• HOW TO COMPLETE THIS TASK: Could you output each line below exactly as it appears, excluding any pictures?

:: DATA FOR THIS EXERCISE ::

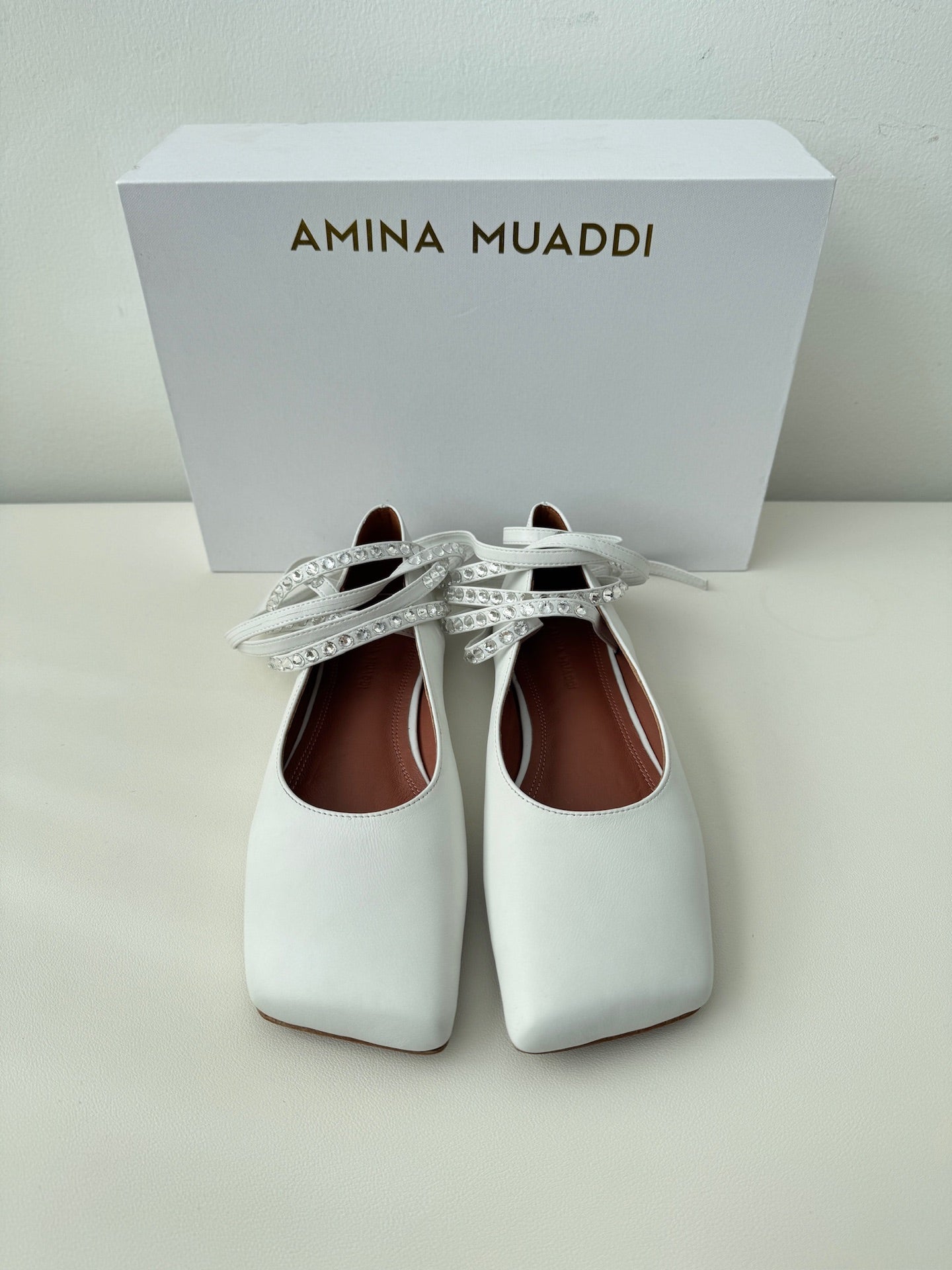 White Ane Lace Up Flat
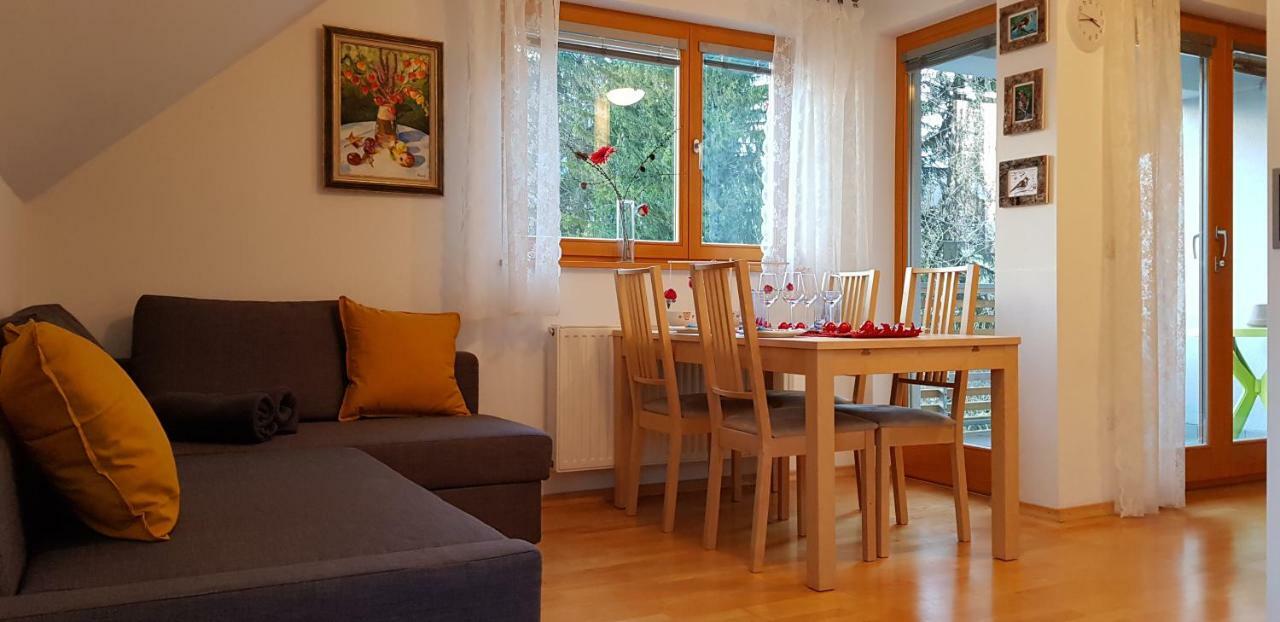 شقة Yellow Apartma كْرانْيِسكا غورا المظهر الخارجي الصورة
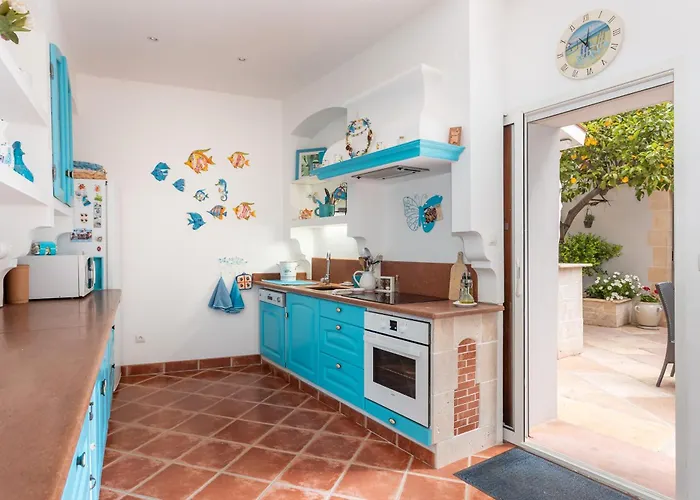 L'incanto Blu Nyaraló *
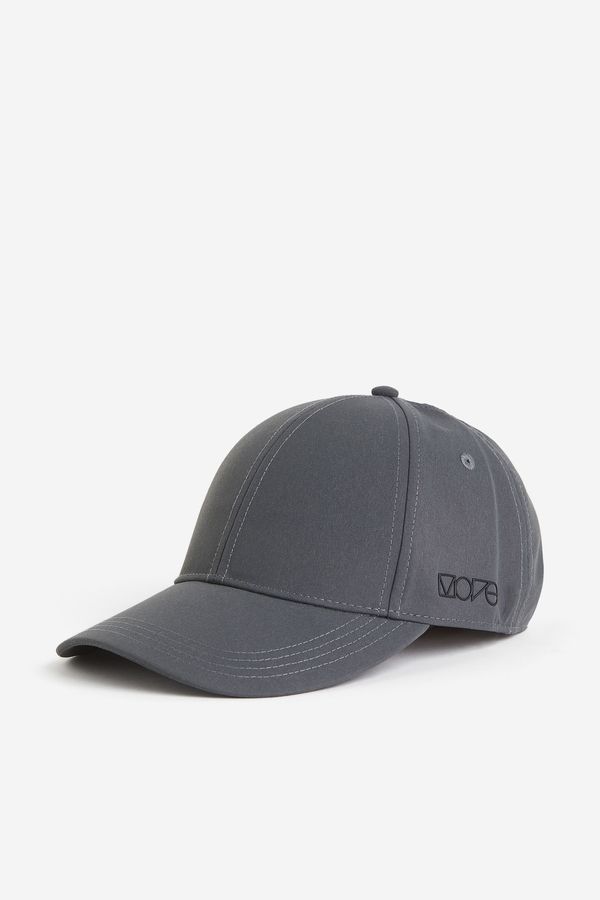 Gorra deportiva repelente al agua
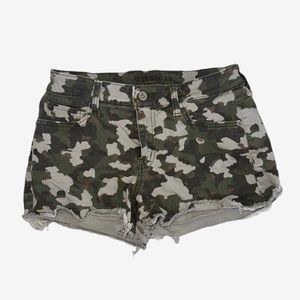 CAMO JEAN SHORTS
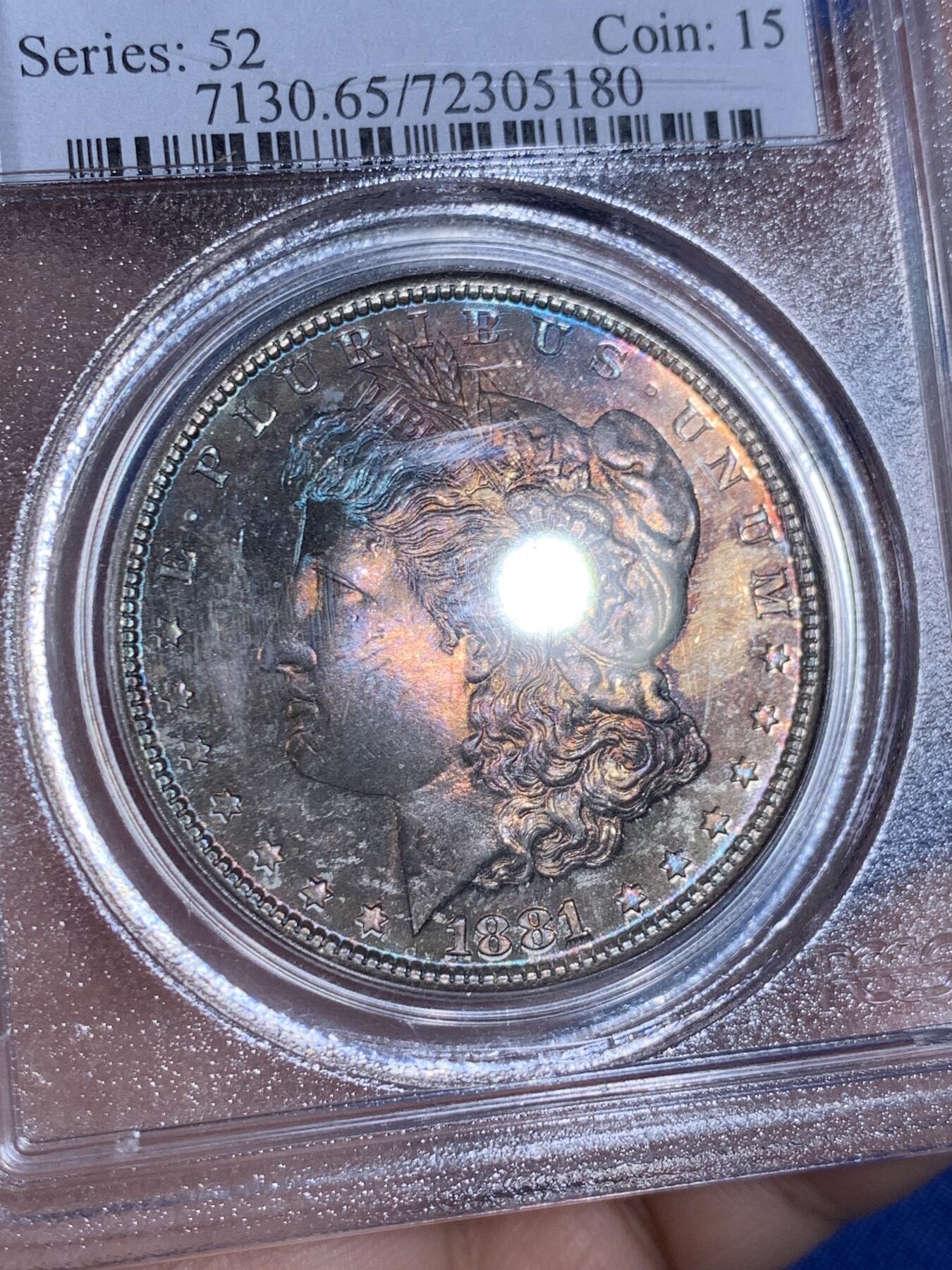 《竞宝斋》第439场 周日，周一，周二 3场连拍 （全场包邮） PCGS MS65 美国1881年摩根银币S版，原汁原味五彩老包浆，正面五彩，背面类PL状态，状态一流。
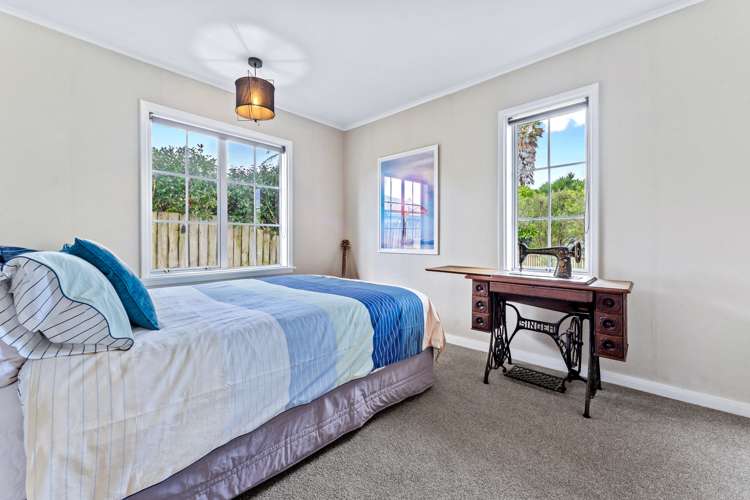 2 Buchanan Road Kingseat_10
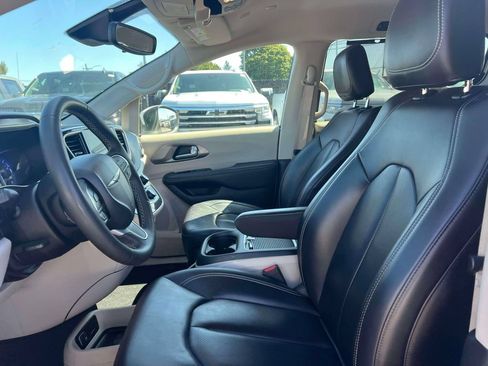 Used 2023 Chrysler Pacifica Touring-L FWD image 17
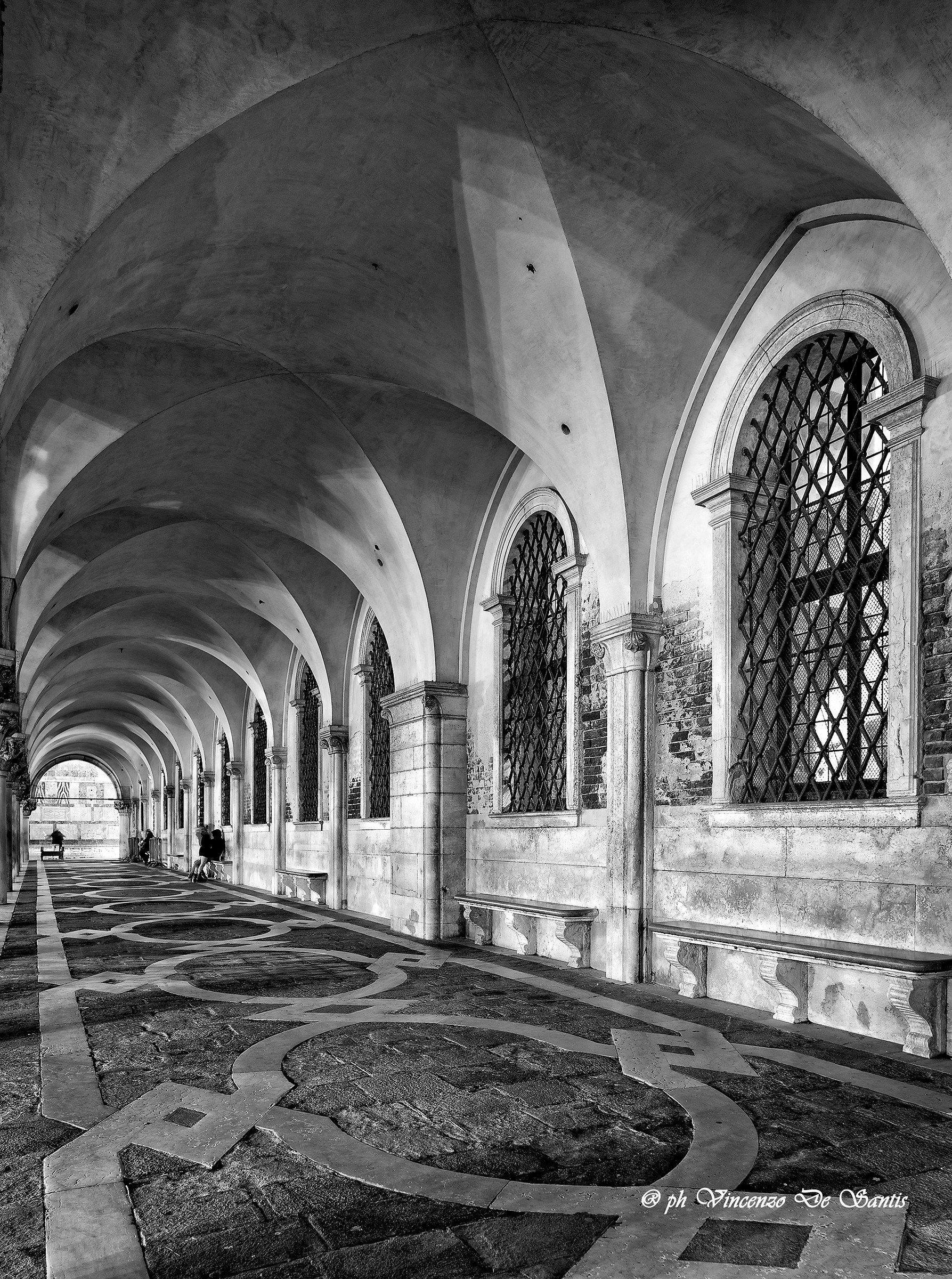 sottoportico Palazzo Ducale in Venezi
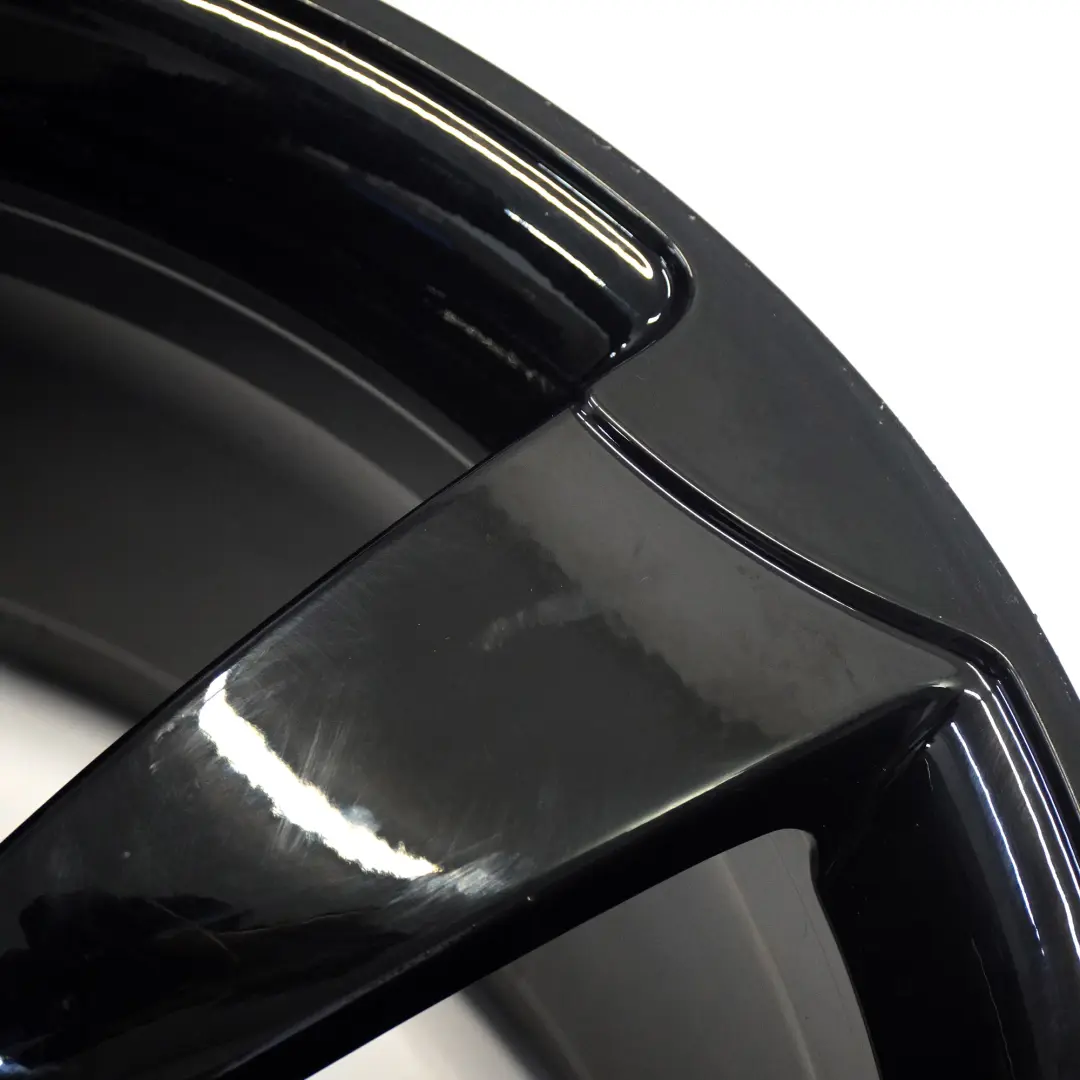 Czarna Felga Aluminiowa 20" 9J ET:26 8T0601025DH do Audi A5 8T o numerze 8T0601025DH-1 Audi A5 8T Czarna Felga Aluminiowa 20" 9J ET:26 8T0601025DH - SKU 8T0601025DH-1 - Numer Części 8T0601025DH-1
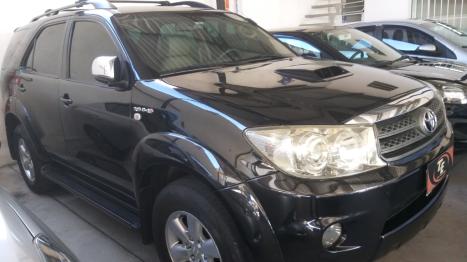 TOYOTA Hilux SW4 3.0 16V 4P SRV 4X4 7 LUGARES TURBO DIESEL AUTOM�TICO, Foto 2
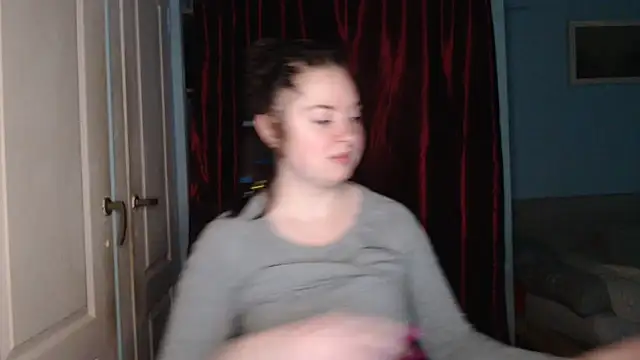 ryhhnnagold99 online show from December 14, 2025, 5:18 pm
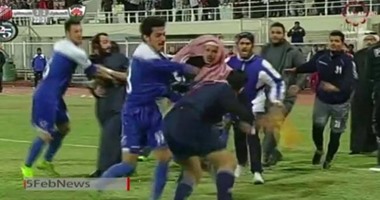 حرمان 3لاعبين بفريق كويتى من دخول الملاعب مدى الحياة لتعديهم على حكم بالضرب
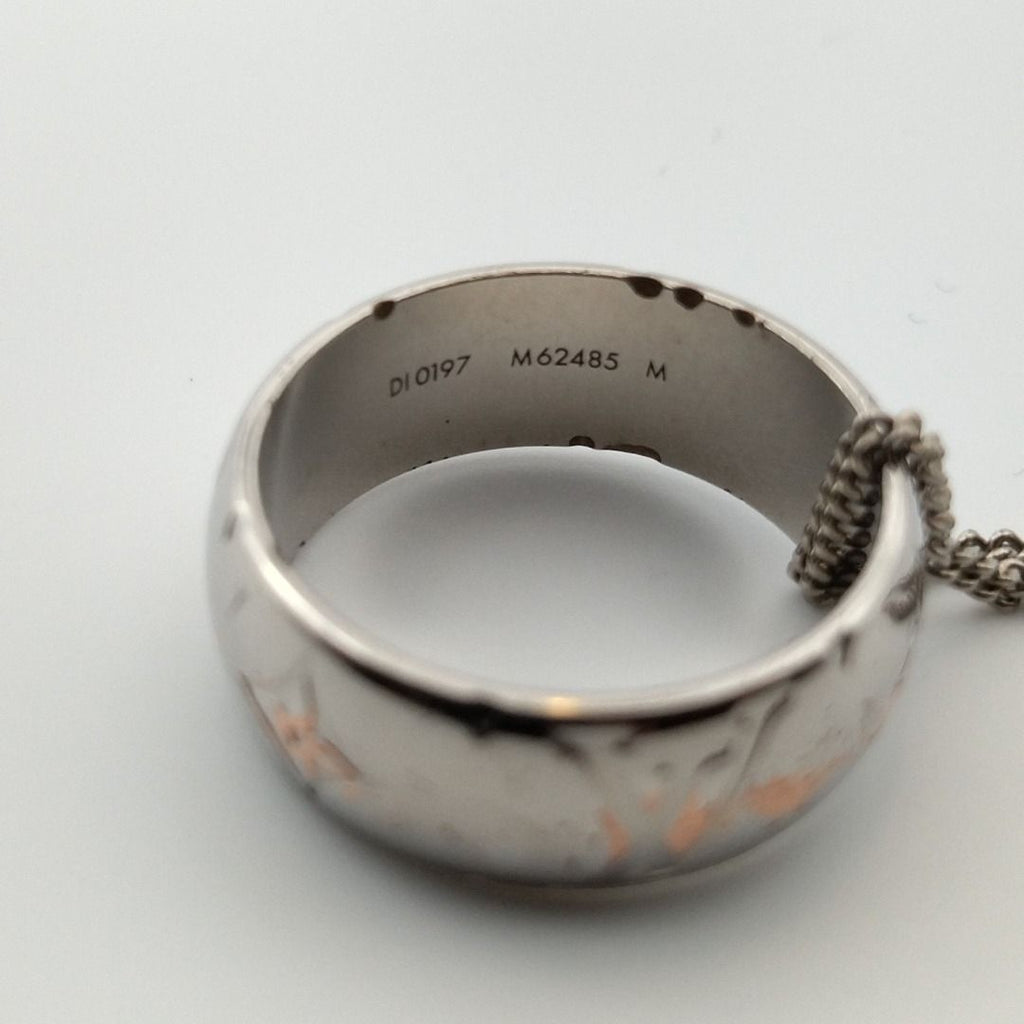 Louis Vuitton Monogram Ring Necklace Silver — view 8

:::

• ANSWER TO THIS PROBLEM:
 White Ane Lace Up Flat
 شقة Yellow Apartma كْرانْيِسكا غورا المظهر الخارجي الصورة
 L'incanto Blu Nyaraló *
 Gorra deportiva repelente al agua
 CAMO JEAN SHORTS
 《竞宝斋》第439场 周日，周一，周二 3场连拍 （全场包邮） PCGS MS65 美国1881年摩根银币S版，原汁原味五彩老包浆，正面五彩，背面类PL状态，状态一流。
 2 Buchanan Road Kingseat_10
 Used 2023 Chrysler Pacifica Touring-L FWD image 17
 sottoportico Palazzo Ducale in Venezi
 Czarna Felga Aluminiowa 20" 9J ET:26 8T0601025DH do Audi A5 8T o numerze 8T0601025DH-1 Audi A5 8T Czarna Felga Aluminiowa 20" 9J ET:26 8T0601025DH - SKU 8T0601025DH-1 - Numer Części 8T0601025DH-1
 TOYOTA Hilux SW4 3.0 16V 4P SRV 4X4 7 LUGARES TURBO DIESEL AUTOM�TICO, Foto 2
 ryhhnnagold99 online show from December 14, 2025, 5:18 pm
 حرمان 3لاعبين بفريق كويتى من دخول الملاعب مدى الحياة لتعديهم على حكم بالضرب
 Louis Vuitton Monogram Ring Necklace Silver — view 8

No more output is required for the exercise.